Jayasinghe first became interested in photographing temple paintings, in the 1960s.
In 1979, he was commissioned by the Lever Brothers Cultural Conservation Trust to produce the photographic documentation of temple paintings. During the next five years, he travelled extensively around the country, photographing the murals found in forty temples, both well known temples as well as little known ones, some located deep in the jungle. Among the temples photographed, the Pulligoda Galge in the jungles of Dimbulagala and the Gonagolla Temple in Amparai, date back to the 7th/8th Century. Most of the others were of the 18th/19th Century Kandy period.
"We carried out the photography in a scientific manner so that if the temple is no more, the mural wall can be reproduced to actual size," Jayasinghe said. He explained that the first step is to make a lay out of the temple walls to exact scale. Taking a constant distance of five to six feet away, a photographic grid is made, splitting the wall into equal segments, each representing a single camera exposure. A board was kept with colour chart and size indicator. Keeping a certain degree of overlap, two colour transparencies and one black and white negative were made of each section of the grid. An indexing system indicated the position of each print on the grid. The sections can thus be enlarged and assembled to give life size reproductions of the temple paintings.
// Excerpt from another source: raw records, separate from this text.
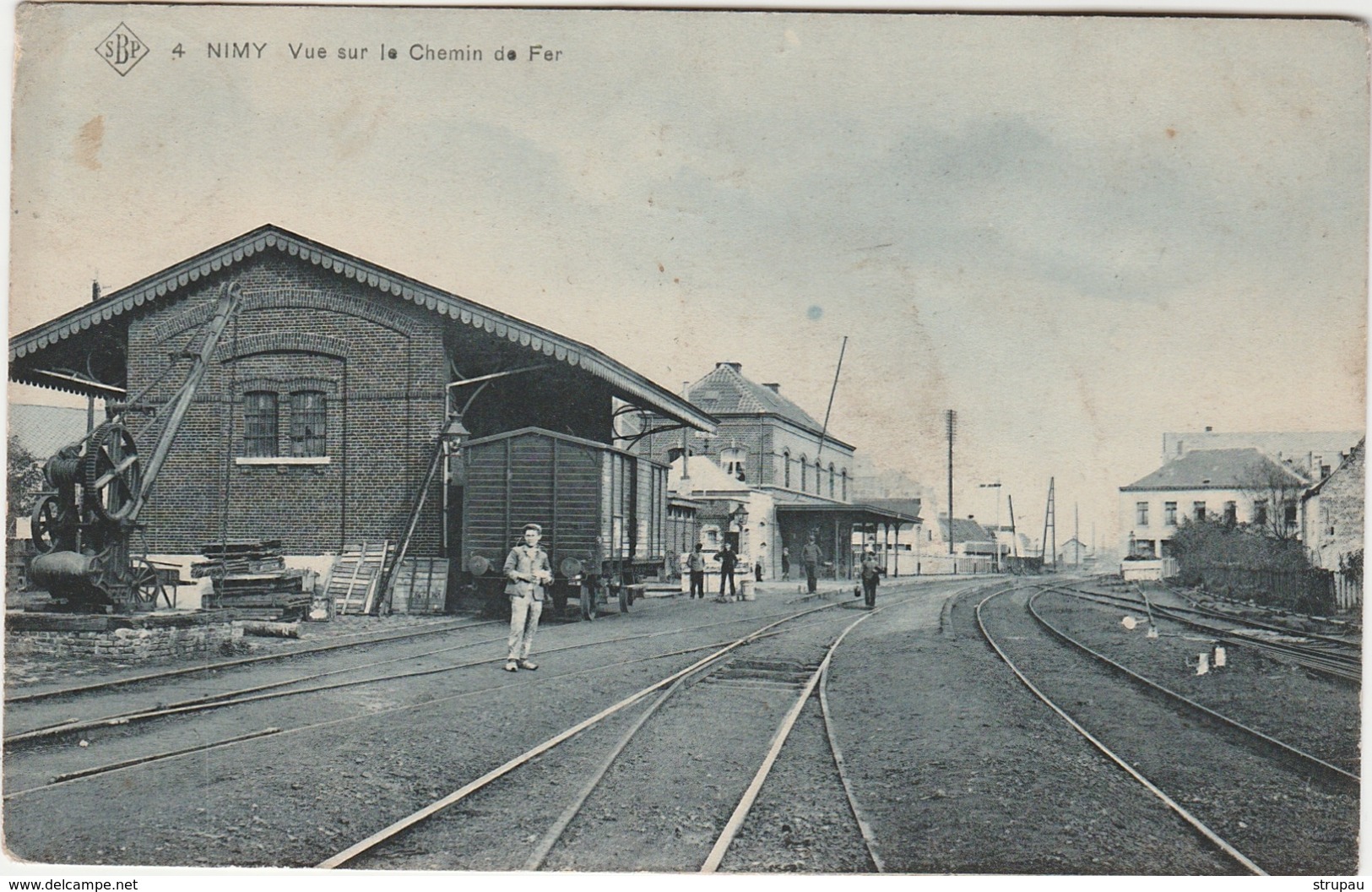 NIMY Prés Obourg, Mons Et Maisières. SBP N°:4. Vue Sur Le Chemin De Fer (Gare Du Train). Postée 1907 - Andere & Zonder Classificatie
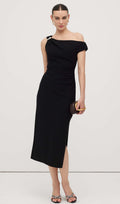 Asümmeetriline Metalliline Midi Kleid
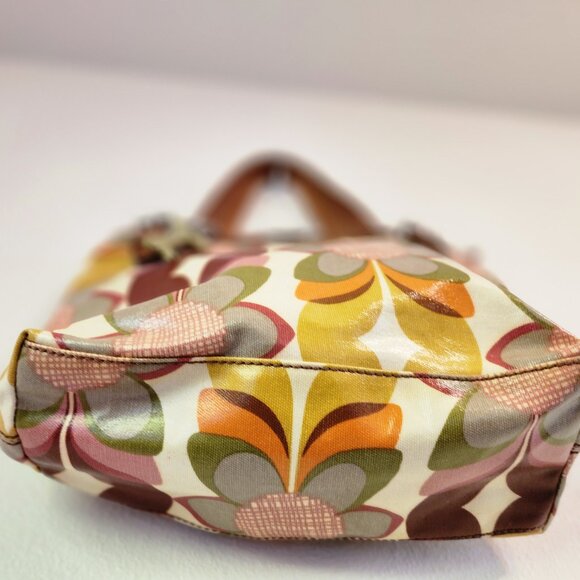FOSSIL Floral Print Coated Canvas/Leather Tote Bag Key-Per Purse VGPC - Picture 7 of 16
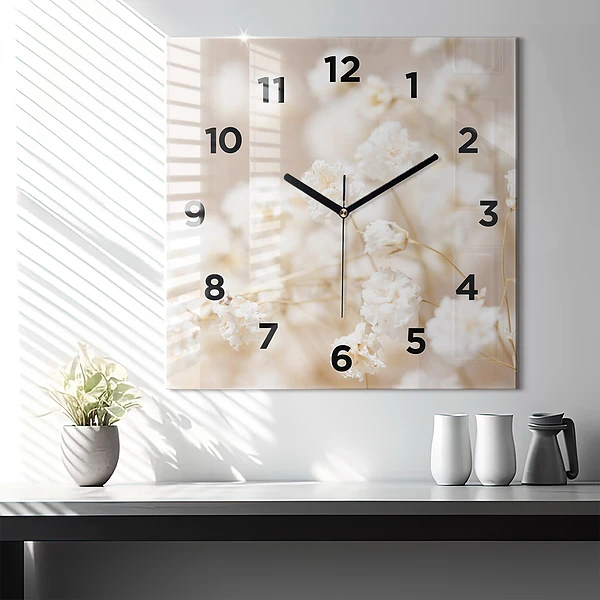 Wanduhr modern quadratisch Kleine weiße Blumen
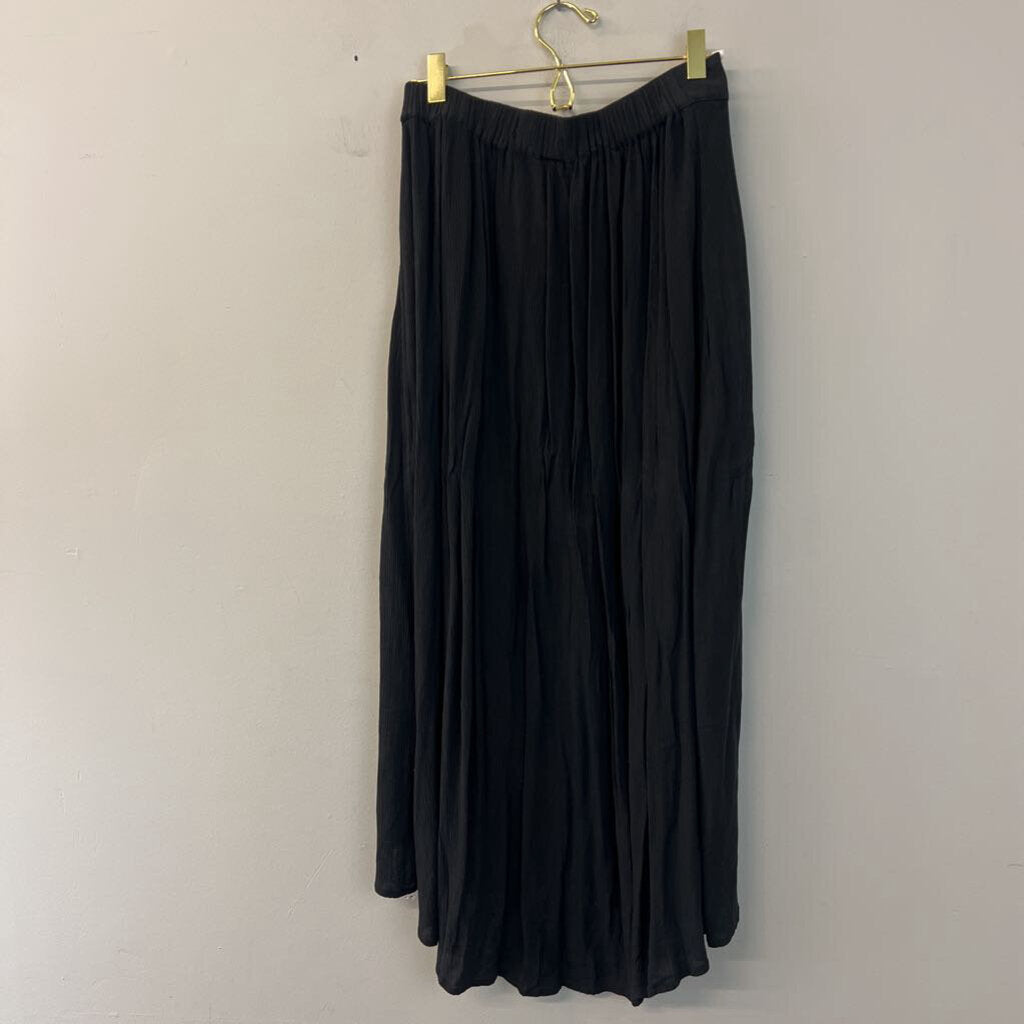 SO Black Crinkle Wrap Midi Skirt Small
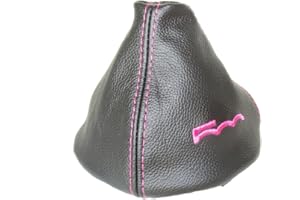 THE TUNING-SHOP Soufflet de levier de vitesse + cadre en plastique noir "500" broderie rose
After the work on ten temples was completed, the Lever Brothers Cultural Conservation Trust held an exhibition in 1982. Leafing through some of the comments made in a visitors book, the exhibition appears to have been a huge success drawing large numbers of art enthusiasts. "It is a superb example of how the photograph has served the cause of painting," Tissa Abeysekera an artist wrote on the exhibition. "I would like to see this collection in a permanent exhibition,"wrote Harry Pieris. "Thank you for helping to preserve these treasures which may vanish as other treasures have," was I. Serasinghe's comment. "An entirely admirable effort which should result in photo preservation and a book for all to enjoy," James Greene of the World Bank wrote on seeing the exhibition of temple paintings. There were also numerous requests for copies of the photographs.
It is indeed a pity that since 1982, no other exhibition of temple paintings has been held. The invaluable photographic documentation is preserved in air conditioned storage at the National Archives Department. A highlight of the exhibition was a colour photo representation of the Thelapatta Jatakaya detailed on an entire wall made to the exact size of the mural wall in Mulgirigala Temple. This remarkable piece of work was presented to the then President J.R. Jayewardene, by Lever Bros. Ltd., and can still be seen at the Presidential Secretariat.
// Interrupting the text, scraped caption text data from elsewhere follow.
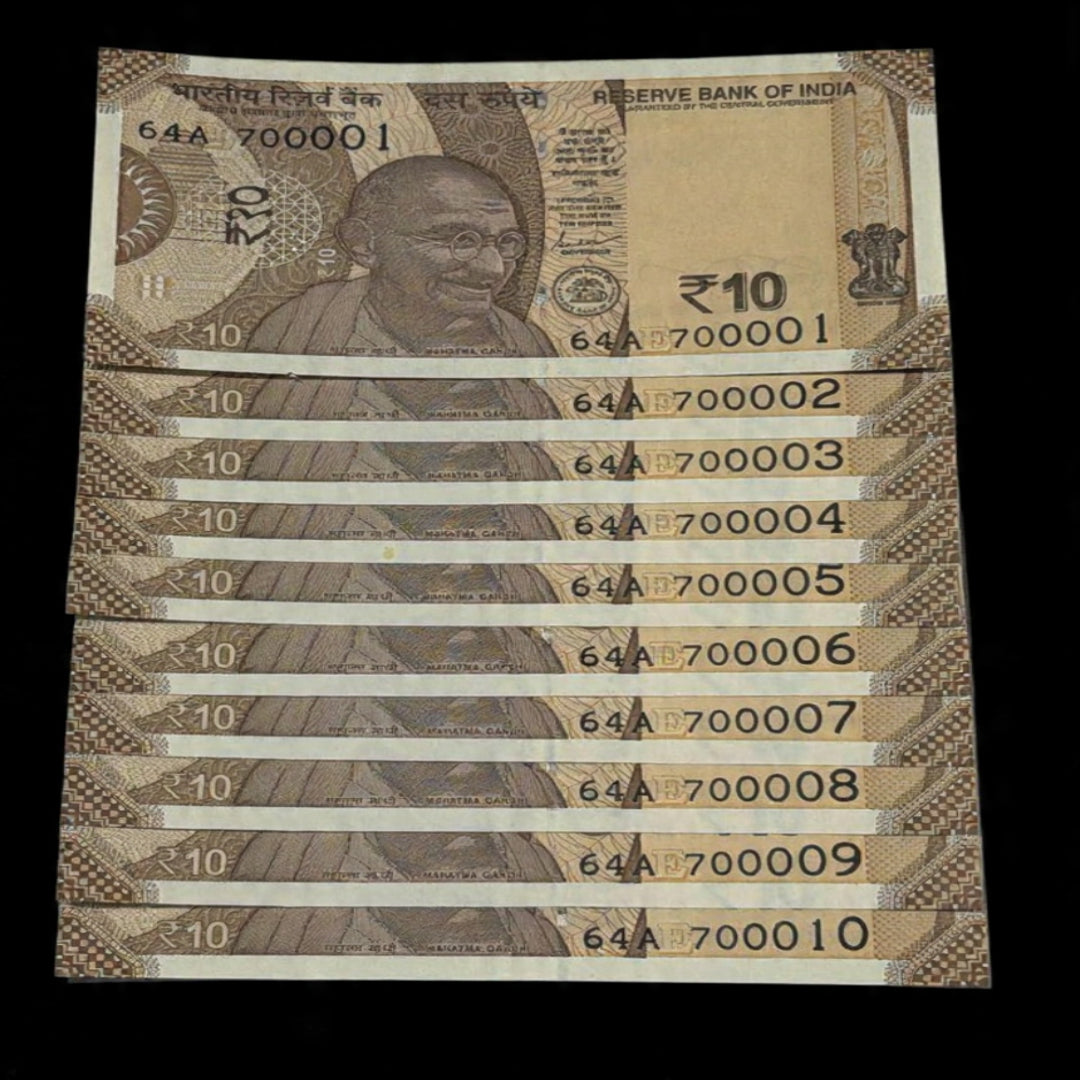 Rs 10 Note 700001-700010 Fancy 7-Lakh Serial Set of 10 - Collection Bazzar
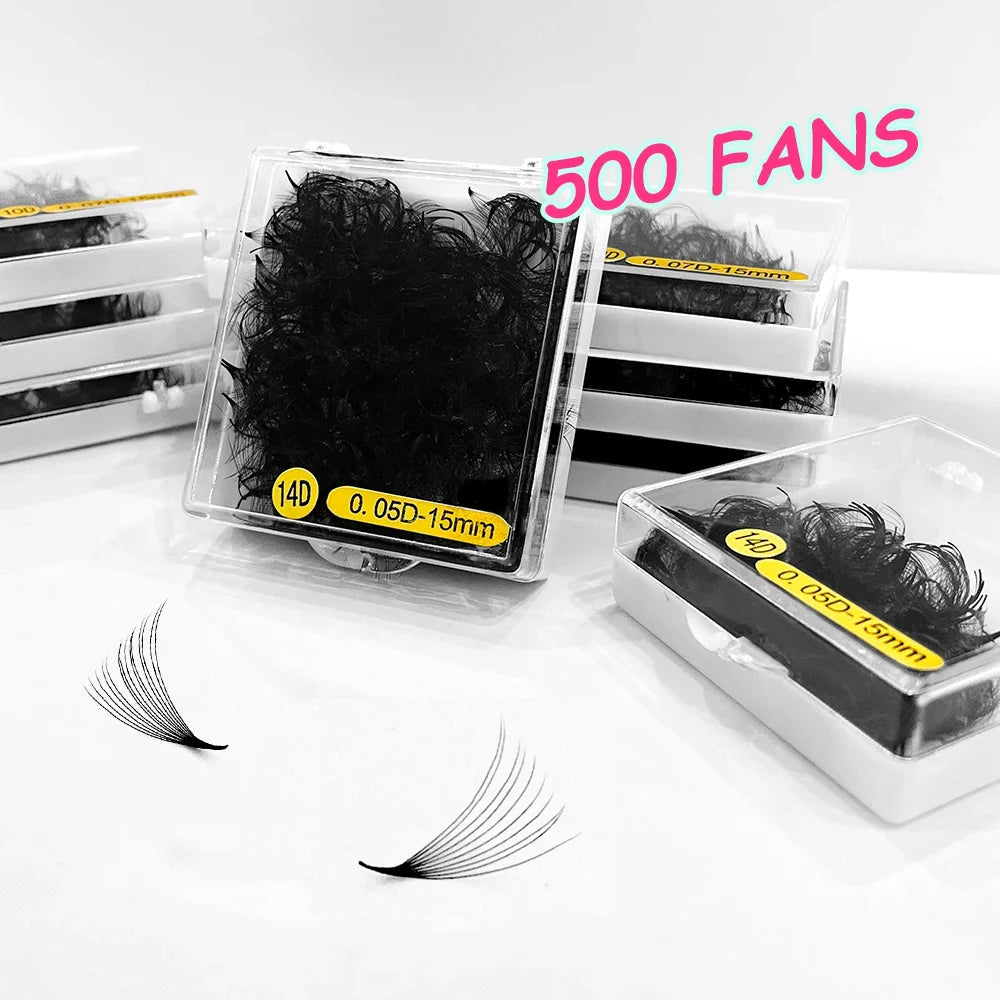 ABONNIE 500 Fans Loose Fan Lashes Extensions 6D-20D 8-18mm Pointy Base Premade Medium Stem Sharp Thin Russian Volume Eyelash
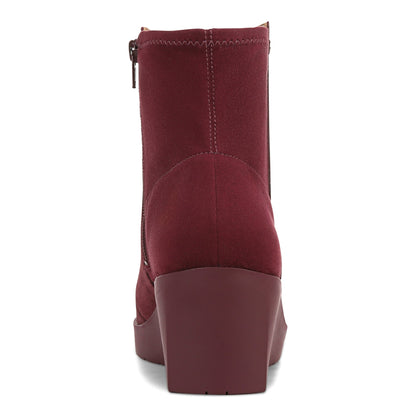 Vionic Skylar Women's Comfort Wedge Short Boot - Portwine Suede - Back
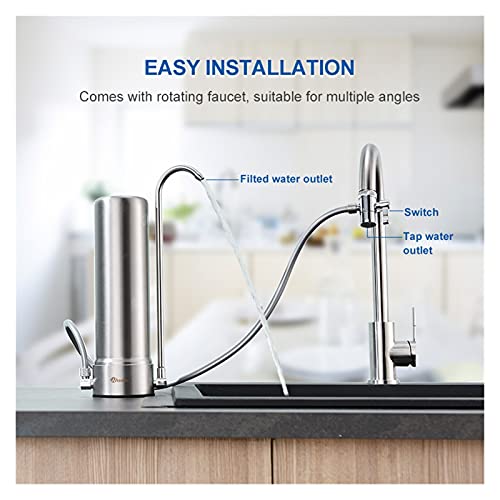 Man-hj Distilled Water Countertop Filtration System for Filtering Drinking Water Ceramic Activated Carbon 304 Stainless Steel Shell for Sink | The Storepaperoomates Retail Market - Fast Affordable Shopping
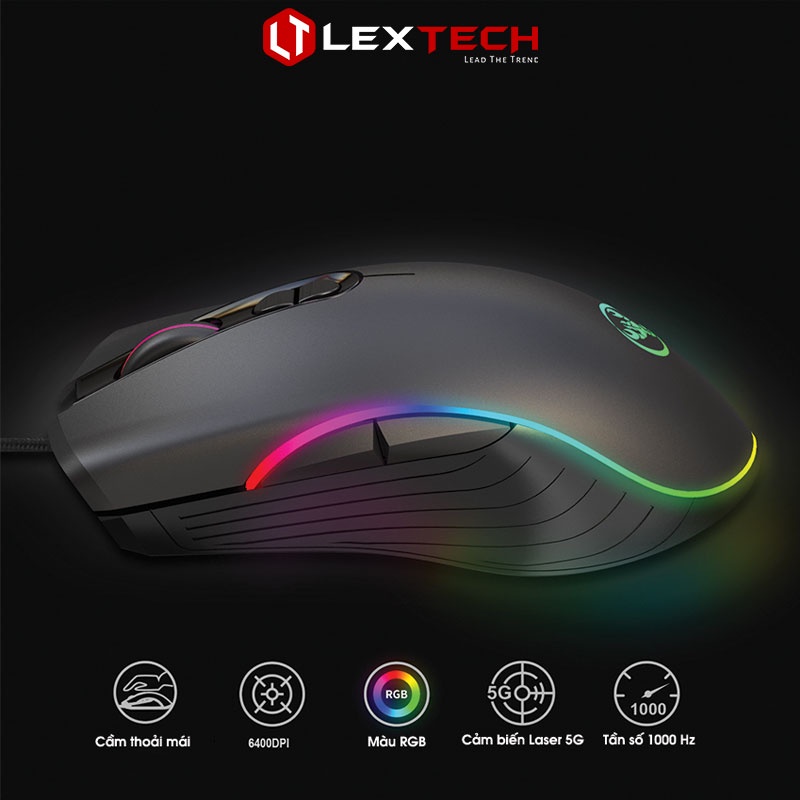 Chuột gaming máy tính có dây LexTech HXSJ 6400 DPI LED RGB 20 triệu click bền bỉ cho game thủ văn phòng laptop PC CA867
Apart from the documentation stored at the National Archives, Jayasinghe has a private collection of about 10,000 colour negatives and colour transparencies. In addition to the forty temples documented for the Levers Cultural Trust, Jayasinghe has also photographed another twenty temples on his own. "In my private collection, I have individualised and highlighted various compositions selected from the temple murals," Jayasinghe said. "Some of the murals I have photographed no longer exist. For example, the temple at Walalgoda in Panamure has collapsed. In the Sailabimbaramaya Temple at Dodanduwa, the paint has peeled off in many places. The photographs of these paintings are therefore very valuable since the originals can be reproduced or touched up using them."
"All my colour negatives are sealed and preserved in the refrigerator. They should not perish there," Jayasinghe remarked. "Many people who came for the exhibition in 1982, have expressed a desire to see it again. They feel their children should see the reproductions of temple paintings and learn to appreciate our cultural heritage. I would like to have another photo exhibition of the temple paintings. If I was a rich man I would have done it myself but unfortunately I cannot afford to do it. I need to find a sponsor. However, I hope that I would succeed in this soon so that I could take out my negatives from their cold storage and exhibit them for our young people to enjoy."
Gamini Jayasinghe, counts 35 to 40 years experience as a photographer. He has contributed his photographs to the publications, 'Buddha and his Teachings' by Narada Maha Thera, 'Rock and Wall Paintings' by Senaka Bandaranayake and 'Vision of the Buddha' by Rev. Sarada. A new book featuring the Dambulla Rock Temple, 'Ancient Buddhist Art Galleries of Sri Lanka', is in the making, under the sponsorship of the Dambulla Development Foundation.What we have seen of Jayasinghe's temple photographs is most impressive. The ancient works of art have been captured in beautiful colouring and great clarity of detail. It is to be hoped that he would have an opportunity to exhibit his remarkable collection so that more people could see and appreciate the beauty of temple art.
The Architecture of an Island: The Living Legacy of Sri Lanka -by Ronald Lewcock, Barbara Sansoni and Laki Senanayake. Reviewed by Somasiri Devendra
In this long-awaited vol ume one sees where "the path less travelled-by", which Barbara Sansoni chose to follow, finally led her. It's been a long way from the tentative drawings in the now defunct Mirror past the seminal achievement of Viharas and Verandahs waiting for guide, slave-driver, guru and friend, to run the final lap together. But long will this book remain a source of information and inspiration.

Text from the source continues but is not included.